Monday, February 27, 2006

Bill Joyce NewYorker cover image on Katrina bumped by the Cheney shooting incident

KATRINARITA GRAS
by
William Joyce

My wife was going to a 12th night party dressed as Hurricane Katrina. Her hair was styled in great swooping whirls. Her dress was a hoop-skirt wrapped in black netting and festooned with dozens of tiny houses, cars and other stormy ephemera.

A friend of mine (whose whereabouts since the hurricanes I was unsure of until I saw her on Christmas Eve) explained that it’s generally accepted that people in New Orleans will burst spontaneously into tears during even the most cursory conversations.

“Any little thing will trigger it,” she said. “I mean you say hello and you’ll get sobs. But everyone knows to just be quiet for a minute and it’ll pass.” Then she added with that cheerful, attractive insolence so common to New Orleanians. “I add 15 minutes of “cryin’ time” to everything. Goin’ the grocery store takes forever. There are more tears than in Tolstoy.”

Like my wife’s dress this line got a laugh. It had to.

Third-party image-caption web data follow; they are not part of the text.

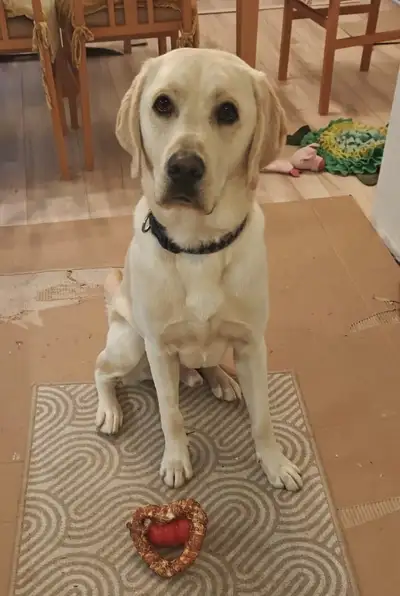 Ice sitting on a wooden floor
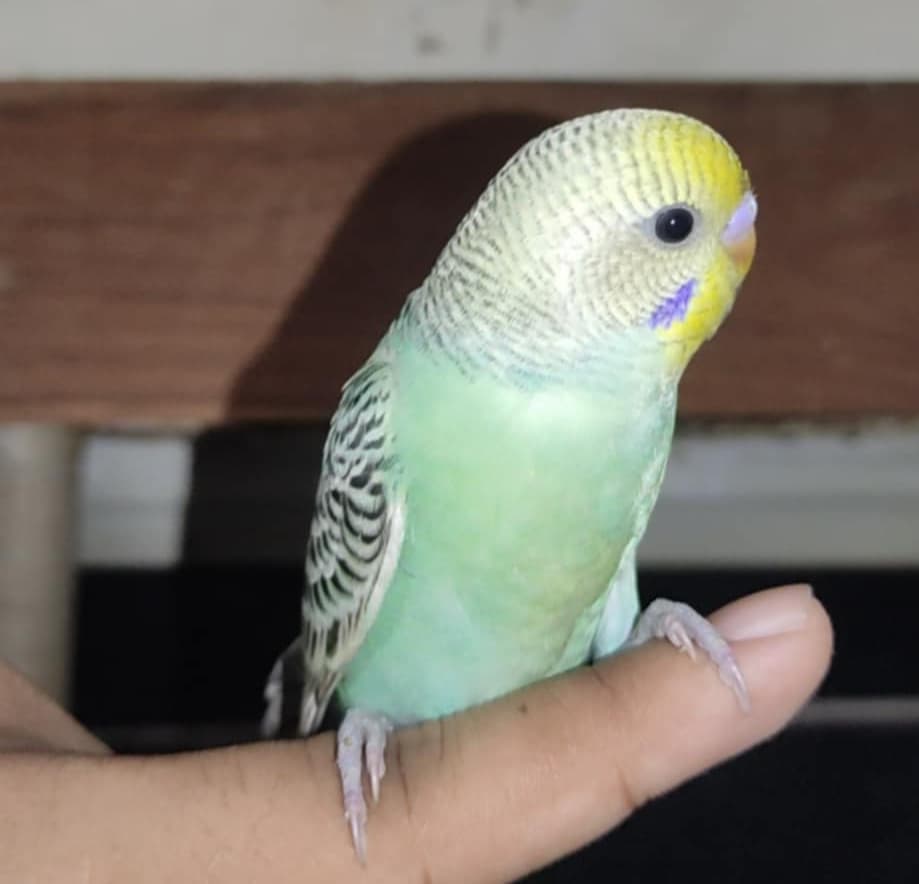 The old bench under the tree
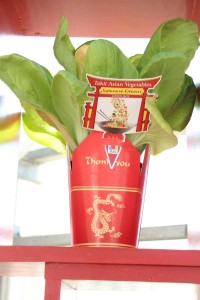 Brassica rapa 'Green Boy'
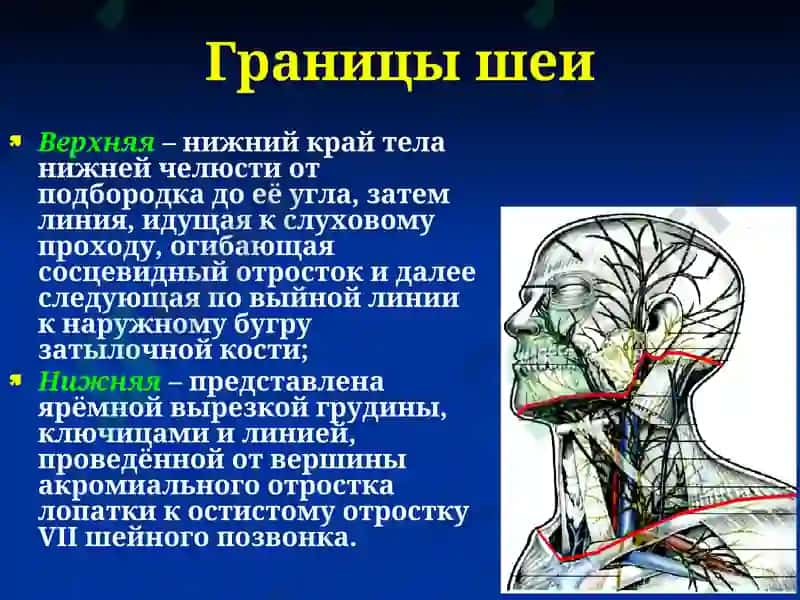 Клиническая анатомия с основами оперативной хирургии 4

It’s glad/sad time down here. Glad you’re alive. Sad about everything else. If you can’t laugh about it, baby you are toast.

There’s been some controversy about having Mardi Gras this year. That it is somehow inappropriate given the scale of the recent tragedy and disaster.

The punch line to that misguided sentiment is that Mardi Gras is a celebration actually devoted to being inappropriate in a community that has courted disaster since the day it was founded.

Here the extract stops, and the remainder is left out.